WHAT TO WORK ON:
For the word "sofa", find each line in the entries where it occurs and copy that line.

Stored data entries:
#####
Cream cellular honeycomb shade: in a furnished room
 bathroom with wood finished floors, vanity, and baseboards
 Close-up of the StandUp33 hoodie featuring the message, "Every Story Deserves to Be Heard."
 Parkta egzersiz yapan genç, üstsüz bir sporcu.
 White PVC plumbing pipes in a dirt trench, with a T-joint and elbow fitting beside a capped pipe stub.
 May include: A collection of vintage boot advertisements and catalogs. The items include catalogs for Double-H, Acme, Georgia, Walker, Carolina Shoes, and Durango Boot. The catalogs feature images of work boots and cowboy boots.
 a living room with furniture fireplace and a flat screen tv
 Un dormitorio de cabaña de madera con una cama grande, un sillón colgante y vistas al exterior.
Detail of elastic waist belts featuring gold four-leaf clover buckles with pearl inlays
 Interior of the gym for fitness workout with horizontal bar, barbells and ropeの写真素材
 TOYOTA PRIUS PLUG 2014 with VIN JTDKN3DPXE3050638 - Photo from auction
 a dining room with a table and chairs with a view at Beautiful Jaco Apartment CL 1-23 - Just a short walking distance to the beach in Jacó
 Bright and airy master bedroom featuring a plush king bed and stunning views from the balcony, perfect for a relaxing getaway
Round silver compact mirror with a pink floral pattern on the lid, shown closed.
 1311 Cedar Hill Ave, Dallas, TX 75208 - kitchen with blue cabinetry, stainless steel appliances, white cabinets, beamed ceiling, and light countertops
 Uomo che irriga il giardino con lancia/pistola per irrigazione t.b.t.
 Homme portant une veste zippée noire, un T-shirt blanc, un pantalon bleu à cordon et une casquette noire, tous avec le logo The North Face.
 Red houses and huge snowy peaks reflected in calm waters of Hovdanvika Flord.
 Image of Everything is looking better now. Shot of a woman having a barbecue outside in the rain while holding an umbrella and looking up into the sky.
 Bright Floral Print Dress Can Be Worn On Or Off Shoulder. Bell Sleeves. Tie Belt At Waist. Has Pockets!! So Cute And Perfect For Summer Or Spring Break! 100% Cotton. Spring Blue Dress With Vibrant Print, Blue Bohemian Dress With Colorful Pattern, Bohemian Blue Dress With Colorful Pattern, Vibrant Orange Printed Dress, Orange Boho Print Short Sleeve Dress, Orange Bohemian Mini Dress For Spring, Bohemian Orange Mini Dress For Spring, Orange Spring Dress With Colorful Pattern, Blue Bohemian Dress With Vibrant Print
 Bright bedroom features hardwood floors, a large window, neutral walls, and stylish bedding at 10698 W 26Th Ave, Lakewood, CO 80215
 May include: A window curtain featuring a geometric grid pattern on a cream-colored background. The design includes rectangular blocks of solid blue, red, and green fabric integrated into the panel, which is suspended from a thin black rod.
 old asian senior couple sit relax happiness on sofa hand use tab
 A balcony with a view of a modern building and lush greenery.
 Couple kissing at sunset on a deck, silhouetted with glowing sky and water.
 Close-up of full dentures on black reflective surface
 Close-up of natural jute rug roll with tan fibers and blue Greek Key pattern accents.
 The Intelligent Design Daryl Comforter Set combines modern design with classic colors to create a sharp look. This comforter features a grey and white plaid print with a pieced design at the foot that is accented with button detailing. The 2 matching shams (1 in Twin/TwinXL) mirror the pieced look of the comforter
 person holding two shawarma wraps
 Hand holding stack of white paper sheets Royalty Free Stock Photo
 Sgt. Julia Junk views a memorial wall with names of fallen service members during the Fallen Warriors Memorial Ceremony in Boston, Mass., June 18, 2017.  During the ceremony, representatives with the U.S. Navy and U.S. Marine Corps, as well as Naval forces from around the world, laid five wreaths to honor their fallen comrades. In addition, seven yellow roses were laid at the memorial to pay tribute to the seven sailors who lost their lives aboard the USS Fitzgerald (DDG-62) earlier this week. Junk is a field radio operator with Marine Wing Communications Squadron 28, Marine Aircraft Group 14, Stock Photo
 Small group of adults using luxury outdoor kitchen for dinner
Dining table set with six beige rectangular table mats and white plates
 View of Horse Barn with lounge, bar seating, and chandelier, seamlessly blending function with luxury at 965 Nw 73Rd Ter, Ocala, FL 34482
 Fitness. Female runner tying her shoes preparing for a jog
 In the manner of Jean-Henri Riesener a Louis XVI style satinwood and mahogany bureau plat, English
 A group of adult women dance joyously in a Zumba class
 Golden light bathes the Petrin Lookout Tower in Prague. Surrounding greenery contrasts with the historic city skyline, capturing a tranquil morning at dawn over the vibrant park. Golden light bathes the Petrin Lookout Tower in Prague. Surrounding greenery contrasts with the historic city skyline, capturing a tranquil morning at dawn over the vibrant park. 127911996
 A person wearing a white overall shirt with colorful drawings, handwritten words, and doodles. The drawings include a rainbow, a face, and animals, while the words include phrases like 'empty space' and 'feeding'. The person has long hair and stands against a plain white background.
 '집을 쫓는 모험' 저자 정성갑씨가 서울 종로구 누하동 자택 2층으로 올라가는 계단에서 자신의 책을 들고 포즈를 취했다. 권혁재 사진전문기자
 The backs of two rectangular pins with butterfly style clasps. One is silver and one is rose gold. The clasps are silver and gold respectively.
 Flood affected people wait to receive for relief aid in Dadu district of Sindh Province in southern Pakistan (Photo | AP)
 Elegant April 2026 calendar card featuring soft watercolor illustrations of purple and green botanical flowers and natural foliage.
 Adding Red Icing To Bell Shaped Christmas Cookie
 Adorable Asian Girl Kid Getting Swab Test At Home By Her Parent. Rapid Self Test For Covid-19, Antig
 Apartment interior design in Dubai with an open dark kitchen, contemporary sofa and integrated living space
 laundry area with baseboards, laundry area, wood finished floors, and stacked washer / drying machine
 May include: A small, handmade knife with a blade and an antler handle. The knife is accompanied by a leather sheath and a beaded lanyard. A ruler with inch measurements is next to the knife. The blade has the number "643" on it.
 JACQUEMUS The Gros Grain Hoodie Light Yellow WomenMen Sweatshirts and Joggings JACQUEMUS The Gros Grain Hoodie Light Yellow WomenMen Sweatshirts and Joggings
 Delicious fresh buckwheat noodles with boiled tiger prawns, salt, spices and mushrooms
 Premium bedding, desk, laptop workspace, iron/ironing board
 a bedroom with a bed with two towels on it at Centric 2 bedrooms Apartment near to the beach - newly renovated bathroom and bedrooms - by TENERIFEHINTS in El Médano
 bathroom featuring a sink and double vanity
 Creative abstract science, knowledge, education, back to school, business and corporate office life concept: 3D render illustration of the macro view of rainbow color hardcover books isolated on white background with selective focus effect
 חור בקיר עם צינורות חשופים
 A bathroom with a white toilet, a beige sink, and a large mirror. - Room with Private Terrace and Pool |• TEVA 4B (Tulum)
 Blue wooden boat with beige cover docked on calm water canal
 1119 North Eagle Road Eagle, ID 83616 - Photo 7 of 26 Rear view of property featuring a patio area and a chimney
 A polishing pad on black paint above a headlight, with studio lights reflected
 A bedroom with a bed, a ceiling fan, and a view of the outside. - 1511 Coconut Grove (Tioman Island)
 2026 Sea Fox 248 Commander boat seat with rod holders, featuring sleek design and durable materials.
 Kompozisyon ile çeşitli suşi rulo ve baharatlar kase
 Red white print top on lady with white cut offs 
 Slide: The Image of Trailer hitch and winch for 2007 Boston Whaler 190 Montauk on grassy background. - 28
#####
ANSWER TO THIS EXERCISE:
 old asian senior couple sit relax happiness on sofa hand use tab
 Apartment interior design in Dubai with an open dark kitchen, contemporary sofa and integrated living space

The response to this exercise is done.